Abstract:Visual question answering (VQA) in surgery is largely unexplored. Expert surgeons are scarce and are often overloaded with clinical and academic workloads. This overload often limits their time answering questionnaires from patients, medical students or junior residents related to surgical procedures. At times, students and junior residents also refrain from asking too many questions during classes to reduce disruption. While computer-aided simulators and recording of past surgical procedures have been made available for them to observe and improve their skills, they still hugely rely on medical experts to answer their questions. Having a Surgical-VQA system as a reliable 'second opinion' could act as a backup and ease the load on the medical experts in answering these questions.
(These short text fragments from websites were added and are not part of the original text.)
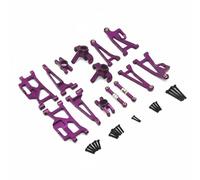 Colcolo Veicolo Industriale Set Rinforzo Alluminio per Auto Radiocomandata 1/14 14209 14210 Oscillanti Coppe Sterzo Posteriori Tiranti 46-56mm Adatto per Pista Tuning Collezionisti, Viola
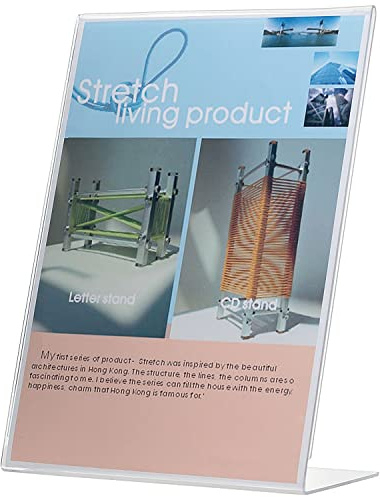 Q-Connect Slanted Sign Holder L-Shape Side-Loading A4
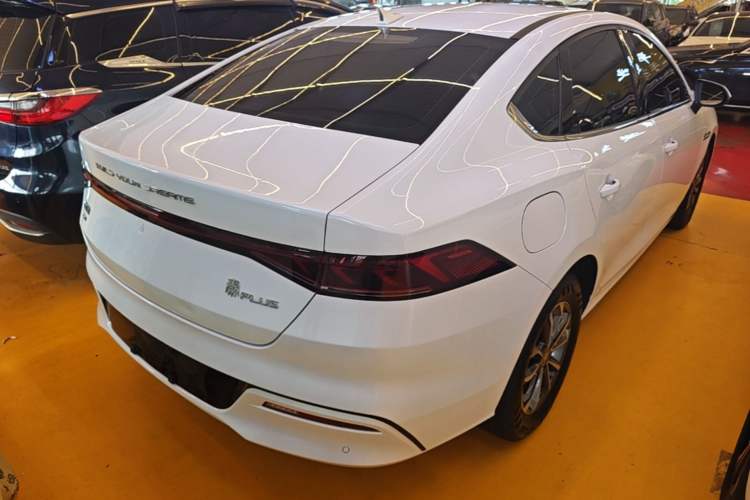 Used BYD Qin PLUS 2024 HONOR Edition DM-i 55KM Leading Model Rear Right 45 Deg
The lack of annotated medical data and the presence of domain-specific terms has limited the exploration of VQA for surgical procedures. In this work, we design a Surgical-VQA task that answers questionnaires on surgical procedures based on the surgical scene. Extending the MICCAI endoscopic vision challenge 2018 dataset and workflow recognition dataset further, we introduce two Surgical-VQA datasets with classification and sentence-based answers. To perform Surgical-VQA, we employ vision-text transformers models. We further introduce a residual MLP-based VisualBert encoder model that enforces interaction between visual and text tokens, improving performance in classification-based answering. Furthermore, we study the influence of the number of input image patches and temporal visual features on the model performance in both classification and sentence-based answering.